La Bibliothèque Nationale était alors une enclave versaillaise à l’intérieur de la Commune, et Elie Reclus était antimilitariste et pacifiste. Jules Taschereau, l’ancien directeur de la Bibliothèque Nationale, avait fui à Versailles en emportant les clés de son bureau. Elie Reclus dut donc faire appel à un serrurier pour accéder à son bureau. L’historien Henri Dubief a écrit à ce propos : « Ce geste symbolique frappe les fonctionnaires parce que, d’après un journaliste anglais, s’il est normal que dans un tumulte on dévaste une église, l’« envahissement d’un temple des lettres frappe davantage ». [8]
L’anecdote paraît banale, mais on imagine mal, avec un tel personnel bibliothécaire, comment Elie Reclus aurait pu éviter l’agencement de nœuds entre Monades et le retour des Sur-monades, même s’il avait pu disposer de plus de vingt-quatre jours pour son projet : pour les employés de l’honorable institution patrimoniale, leur nouveau directeur était le diable en personne. Les hostilités entre les hommes me sembent telles que j’imagine aussi mal qu’un Nouveau Monde puisse advenir sans heurts ni sang – donc sans l’avènement futur de nouveaux spectres. Marx, en un sens, ne l’imaginait pas non plus, puisqu’il écrivit, après la semaine sanglante de la Commune française en 1871, La Guerre civile en France, qui eut la postérité que l’on sait. Lénine, par la suite, puise, dans l’analyse marxiste des échecs de la Commune, son idée de l’Etat révolutionnaire et de la dictature du prolétariat…
- Reprenons :
– 1983 : Derrida se retrouve à jouer dans le film Ghost Dance de Ken McMullen. – 1989 : chute du mur de Berlin. – 1993 : Derrida publie Spectres de Marx.
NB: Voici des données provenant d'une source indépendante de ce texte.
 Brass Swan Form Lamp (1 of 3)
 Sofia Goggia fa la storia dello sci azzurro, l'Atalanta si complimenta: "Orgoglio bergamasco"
Addenda au Précepte n°4 de l’hantologie : Chercher à fumer le calumet de la paix entre agencements de Monades, avant que le spectre de Marx ou celui d’Adolphe Thiers, le bourreau de la Commune, ne reviennent… chercher à fumer le calumet de la paix, mais avec la hache de guerre dans son dos… le jeu des diplomaties, toujours, entre l’une et l’autre enclave…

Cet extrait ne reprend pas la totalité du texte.